Each alphabet character is encoded by its own set of zeros and ones. The text consists of different symbols: letters (uppercase and lowercase), arithmetic signs and other different values. Coding text information requires the use of 8 consecutive binary values from 00000000 to 11111111. In this way, 256 different characters can be converted.

In order to avoid confusion in the coding of text, special tables of values for each character are used.

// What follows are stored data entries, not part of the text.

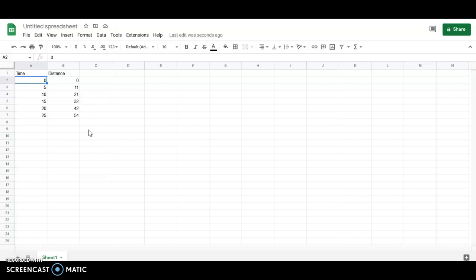So I've already in column A and B entered some data. Let's say we were doing a physics experiment and we have some time and distance data.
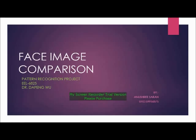Hi everyone. I am Anushree Saral and I am a student in the Department of Electrical and Computer Engineering at the University of Florida. I am here to present my pattern recognition project. The topic is Face Image Comparisons. First of all, I would like to thank my professor, Dr. Depengu, for his help and guidance. I feel privileged to be a part of his class. Let's begin with the presentation now.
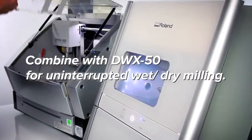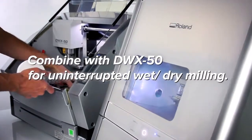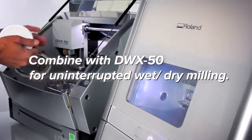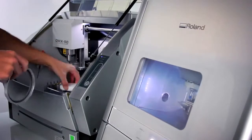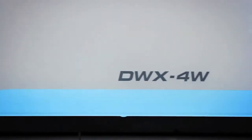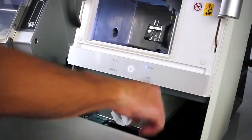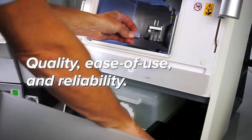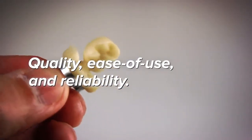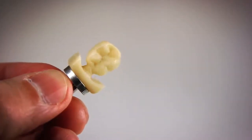Combine the DWX-4W with a DWX-50 for uninterrupted wet and dry milling that increases the flexibility and productivity of your business, all with the cost, quality, ease of use and reliability the DWX series is known for.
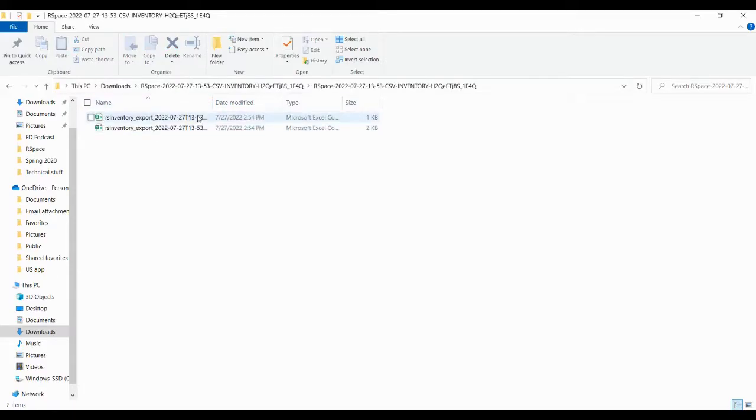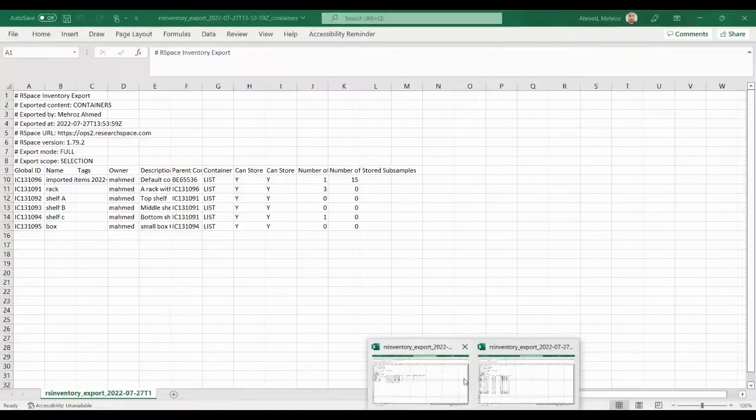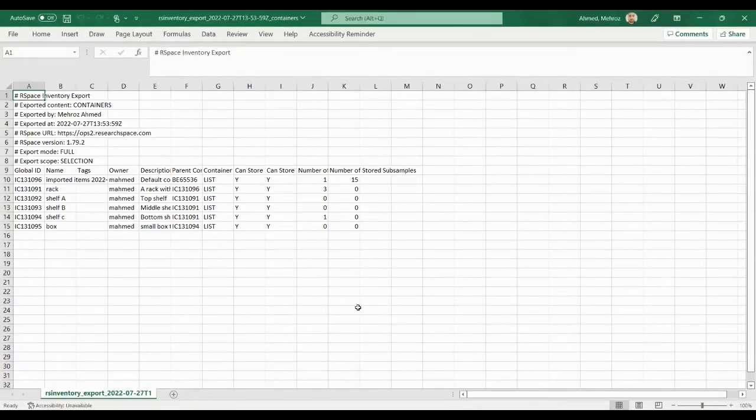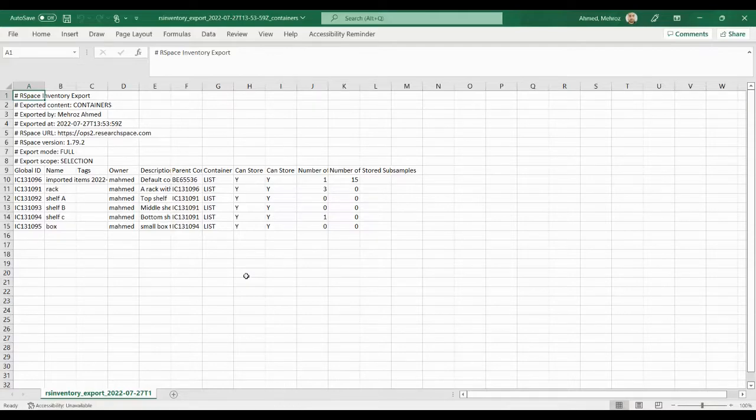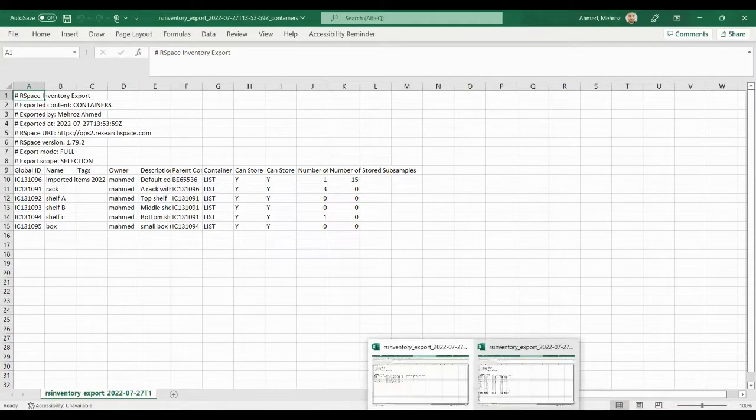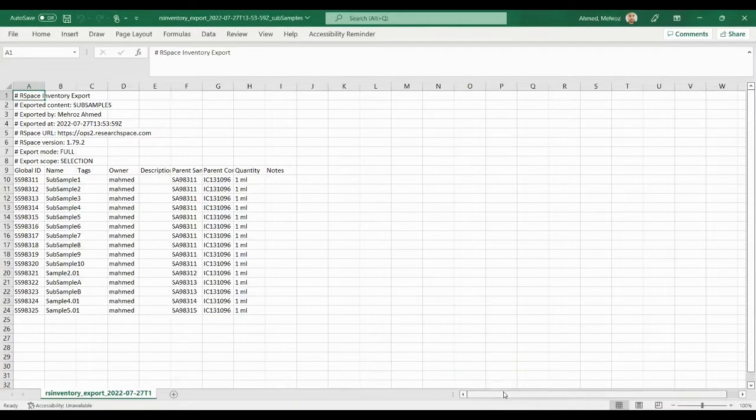Let's go ahead and open them up and you'll see that the files are sorted by the content type. This file contains containers whereas the other file contains sub-samples.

They contain the Latin alphabet, arithmetic signs and special signs (for example, €, ¥, © and others). The symbols of the interval 128-255 encode the national alphabet of the country.

To encode 1 character, 8 bits of memory are required. To simplify the scores, 8 bits are equated to 1 byte, so the total disk space for the text information is measured in bytes.

Most personal computers are equipped with a standard table of ASCII (American Standard Code for Information Interchange). Other tables are also used in which the text information coding system is different. For example, the first known character encoding is called KOI-8 (the information exchange code is 8-bit), and it works on computers with UNIX OS. Also widely found is the table of codes CP1251, which was created for the Windows operating system.

Binary coding of sounds

Another reason why binary coding is a universal method of information programming is its simplicity when working with audio files. Any music is a sound wave of different amplitude and frequency of oscillation. From these parameters depends the volume of the sound and its pitch.

To program a sound wave, the computer divides it conditionally into several parts, or "samples." The number of such samples can be large, so there are 65536 different combinations of zeros and ones. Accordingly, modern computers are equipped with 16-bit sound cards, which means using 16 binary digits to encode one sample of the sound wave.

To play the audio file, the computer processes the programmed binary code sequences and connects them to one continuous wave.

Encoding graphics

Graphical information can be presented in the form of drawings, diagrams, pictures or slides in PowerPoint. Any picture consists of small dots - pixels, which can be painted in different colors. The color of each pixel is encoded and saved, and in the end we get a full-fledged image.

If the picture is black and white, the code for each pixel can be either one or zero. If 4 colors are used, then the code of each of them consists of two digits: 00, 01, 10 or 11. This principle distinguishes the quality of processing of any image. Increasing or decreasing the brightness also affects the number of colors used. At best, the computer distinguishes about 16 777 216 shades.

Conclusion

There are various methods of programming information, among which binary coding is the most effective. Just using two characters - 1 and 0 - the computer easily reads most of the files. At the same time, the processing speed is much higher than, for example, a decimal programming system. The simplicity of this method makes it irreplaceable for any technique. That's why binary coding is universal among its counterparts.